The Sad History of Professional Expertize at Library and Archives Canada

Thanks to an access to information request to the Treasury Board of Canada Secretariat, we now have a history of the numbers of historians and archivists and librarians employed by Library and Archives Canada and its predecessor organizations.

At a glance, going back as far as 1990, it’s clear there has been a dramatic decrease in the total number of professionals employed to fulfil LAC’s mandate for Canada’s documentary heritage, mainly owing to the reductions in the employment of librarians. While the decline started before the amalgamation of the two founder organizations in 2004, the focus here is subsequent developments under Conservative and Liberal administrations and the four people who have held the title of Librarian and Archivist of Canada.

Lib/Arch Wilson Caron Berthiaume Weir Total
Conservative Chg in Hist. & Arch. 9 -29 23 3
Change in Libr. -33 -62 3 -92
Liberal Chg in Hist. & Arch. -5 30 -44 -19
Change in Libr. -9 5 -10 -14
Both Chg in Hist, & Arch. 4 -29 53 -44 -16
Change in Libr. -42 -62 8 -10 -106
Total -38 -91 61 -54 -122

Since 2004 the professional establishment of LAC has declined by 122, about half of the initial establishment. All but 16 of the decease was in the librarian category.

Under various Conservative administrations, the decrease was 89, with a slight increase in historians/archivists and a reduction of 92 librarians. Liberal administrations account for 42 reductions, reasonably balanced with slightly more historians and archivists leaving.

The tenure of the four Librarian and Archivists of Canada saw very different outcomes.

Guy Berthiaume increased the complement by 61, 86% historians and archivists. Increases occurred under both Conservative and Liberal administrations.

The most significant decline, 91 in total, two-thirds librarians, was during the four-year tenure of Daniel Caron. The second largest drop, 54 in total, 80% historians and archivists, is during the present term of Leslie Weir, which started in 2019, just in time for the pandemic!

Overall, the decline has been at the expense of specialist expertize; LAC now has no staff dedicated to newspapers and maps. Response to requests for materials, formal and informal, is glacially slow. Resources devoted to digitization to facilitate access across Canada to some of the more used resources are much less than when First World War service files were digitized.

This data was obtained via a post in Documentary Heritage News, Vol 16, No 10 referring to Treasury Board of Canada Secretariat – Access to Information Request A-2022-01290.

It’s been suggested that some of the changes may have been owing to reclassifictions.  The chart below shows the year by year number of full time equivalents from the establishment of LAC.

While reclassifications may have occurred, the dip for the Caron disaster in 2012 is evident, as is the increase through the Berthiaume years. The most recent two years are from plans. not actuals.


5 Replies to “The Sad History of Professional Expertize at Library and Archives Canada”

  1. In the shell game of corporate body count many experienced personnel are retired and then rehired as consultants.
    Is this the case at LAC?
    The costs of consultants would show up in “project expenses” or some other disguise.

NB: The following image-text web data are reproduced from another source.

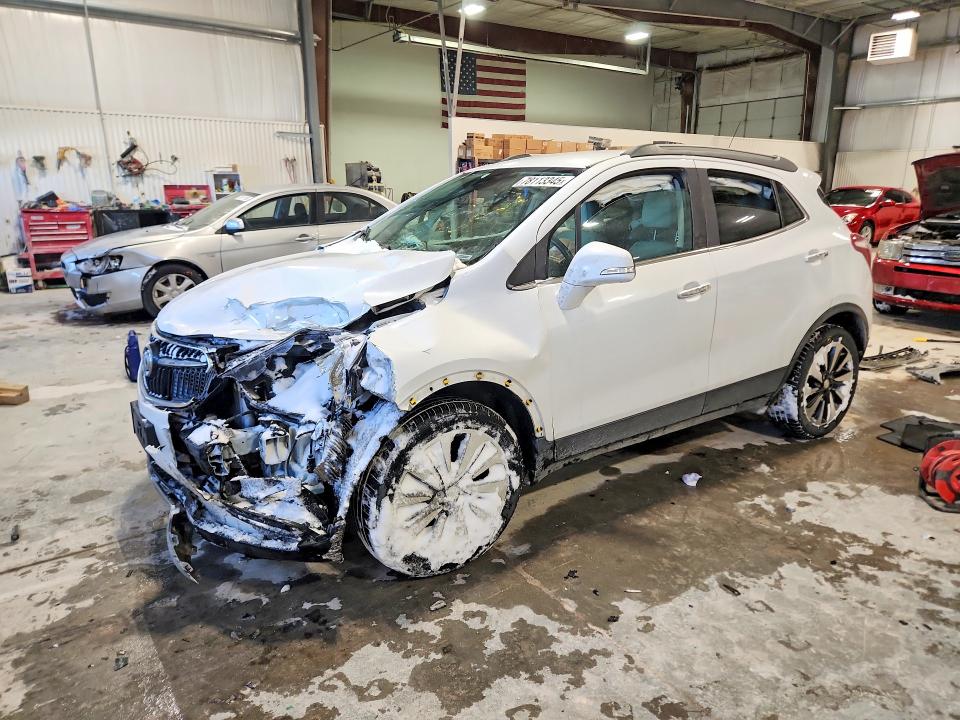 2018 Buick Encore VIN KL4CJCSB6JB674907 COPART salvage auction — FRONT END, NE - CERT OF TITLE-SALVAGE, sold $825 on 2026-07-28 (photo 1)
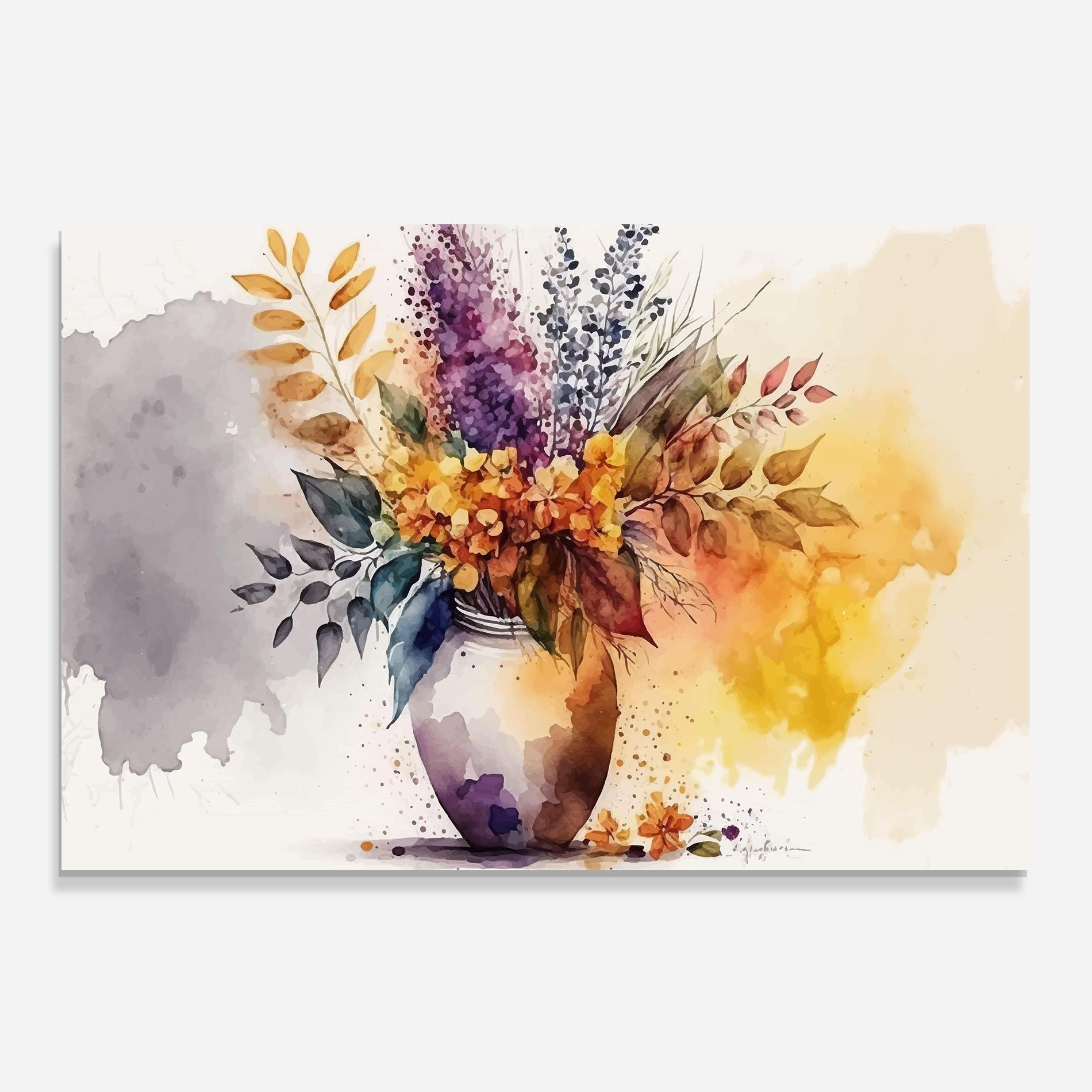 Yellow Purple Vase mockup 0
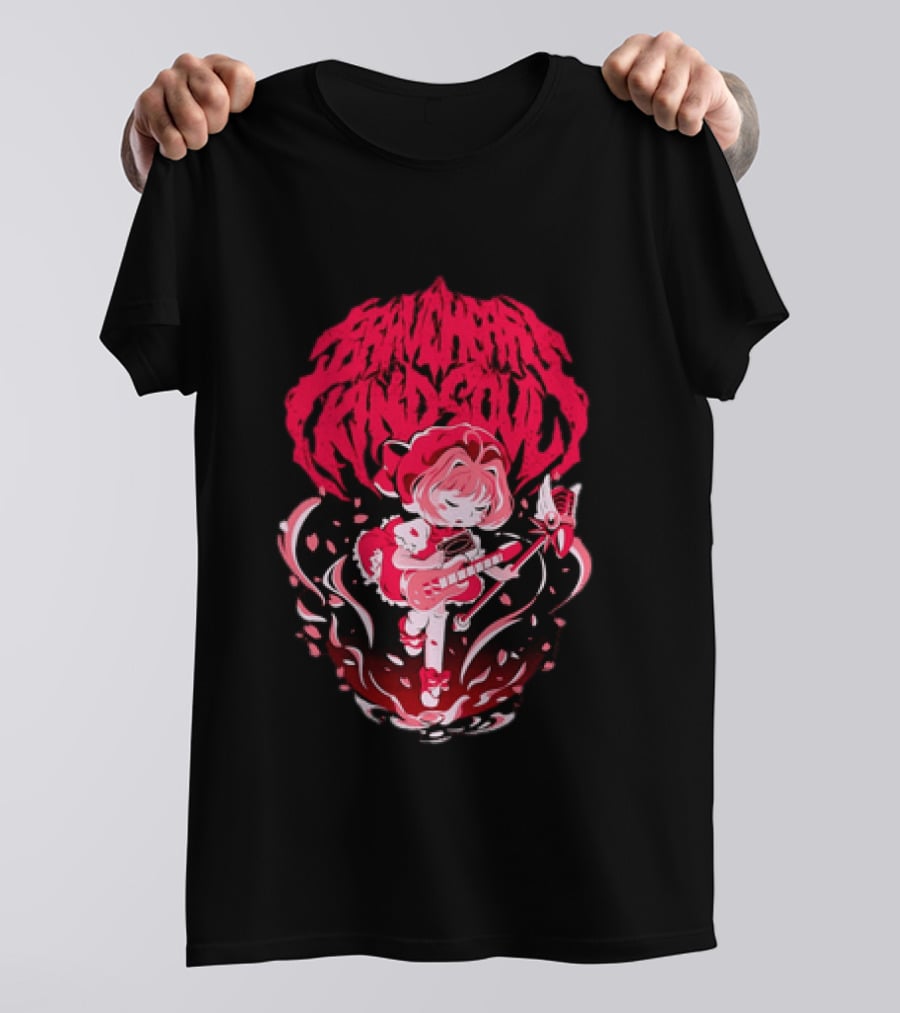Sakura Kinomoto Braveheart Kind Soul Anime Magic Wand Girl T-Shirt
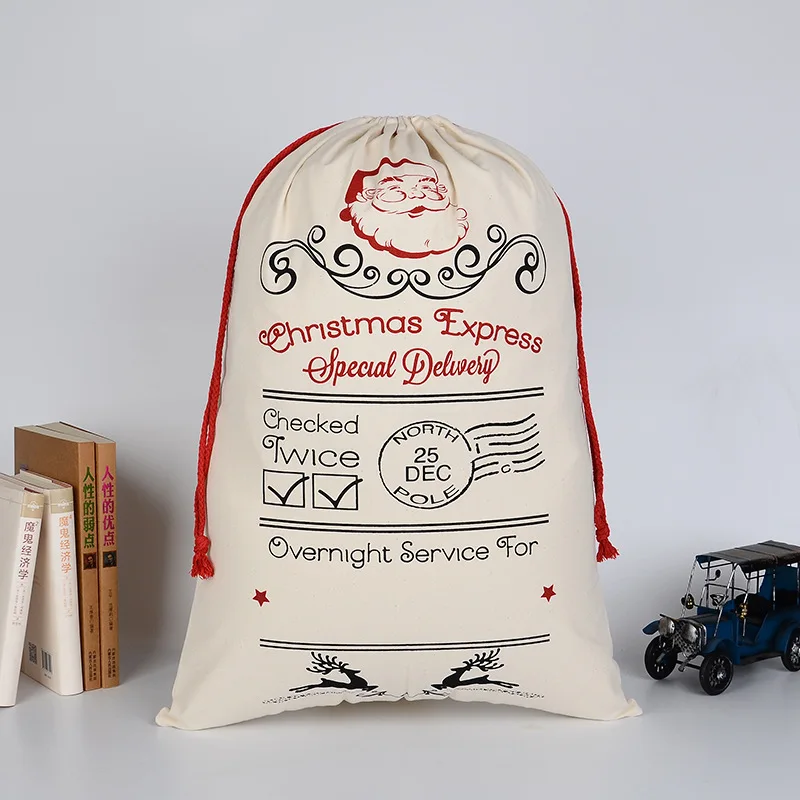 10 шт. Индивидуальная сумка Рождественский Подарочный мешок вечерние подарочные сумки многоразовая Хлопковая сумка для покупок Женская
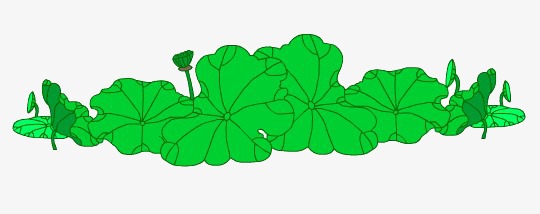 手绘荷叶_荷叶png素材-90设计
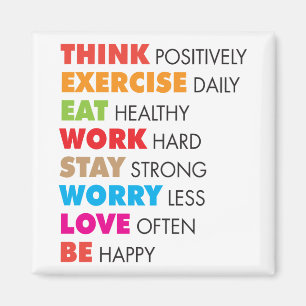 Inspirational Words - Motivational Magnet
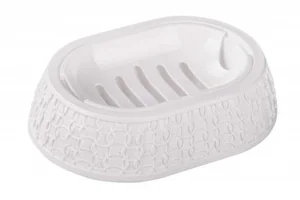 АЛЬТЕРНАТИВА Мыльница Вязаное плетение М 6887 белый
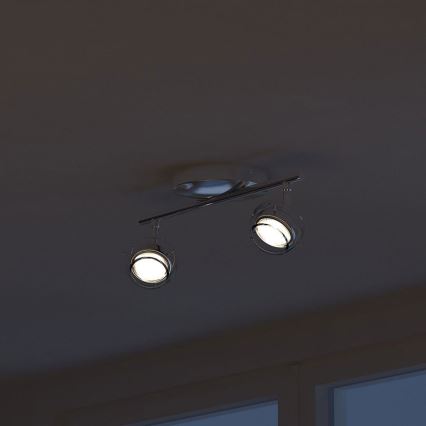 Philips 53222/11/16 - LED Reflektorek CYPRESS 2xHighPower LED/4W/230V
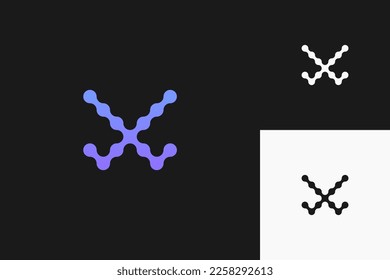 Letter X W Logo Abstract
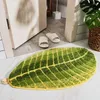 Tapetes de folhas fofas de folhas de tapete anti-chão de chão de banheira para quarto de quarto de entrada da cozinha de bananeira de decoração de banana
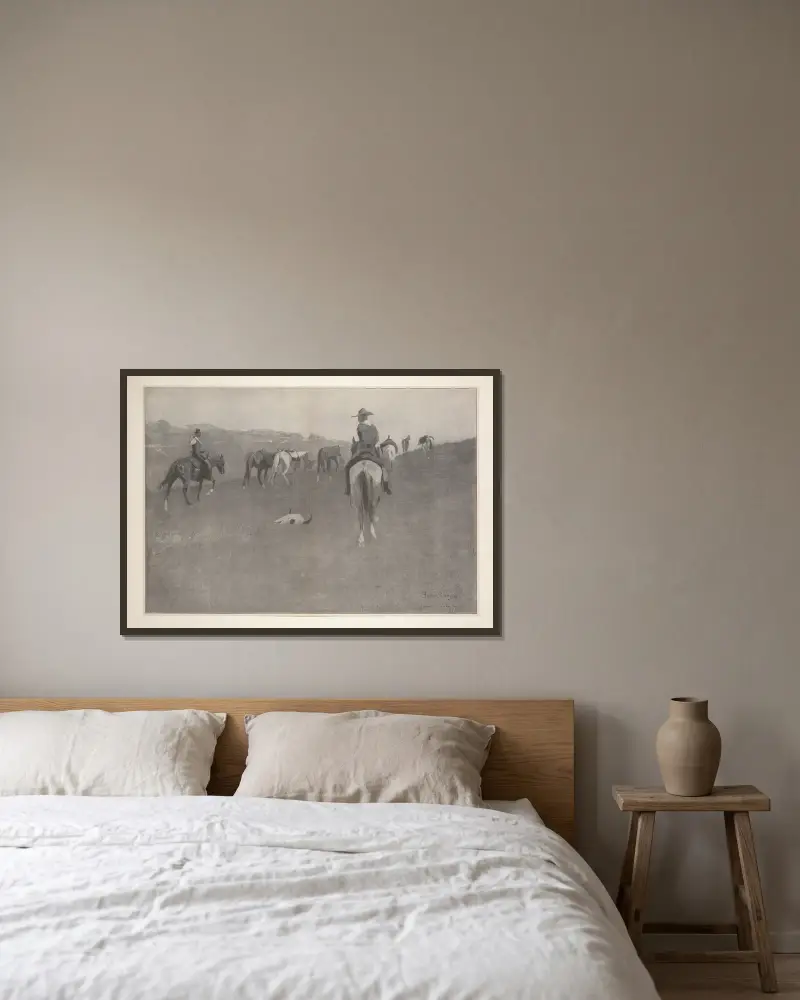 Jisté znamení, Frederic Remington v rámu na stěně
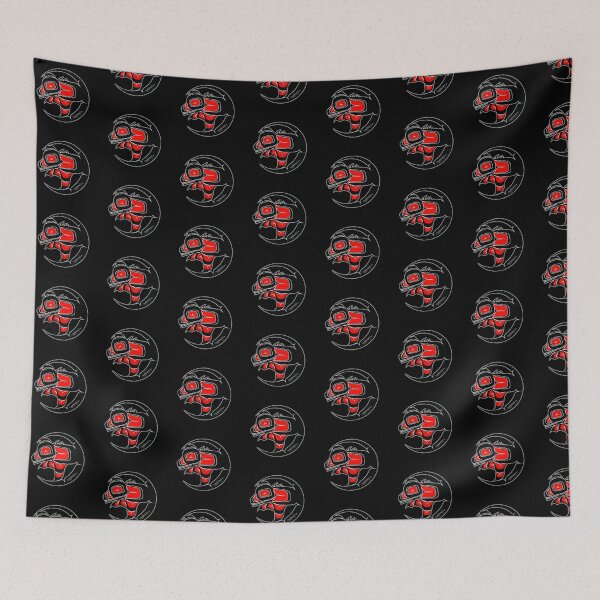 Item preview, Bear cub red tribal style designed and sold by SpeakthunderArt.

  2. The Conservatives hated professional archivists and librarians, as well as statisticians. They are the party that disbanded those that worked on the long form census. This meant there would be no reliable information on Canada’s people (population, ethniticity, demographics, you name it).
    G.B., St. C.

  3. Sad news indeed. One wonders what’s going on under Ms. Weir…could the pandemic have something to do with it? Perhaps at least some chose to retire rather than to work from home. While much library work can be done remotely, certainly from what I know from the summer I spent working there as a student, there are many areas for which only hands-on work and collaboration is possible. It will be interesting to see if numbers rise again over the coming years. I certainly hope so.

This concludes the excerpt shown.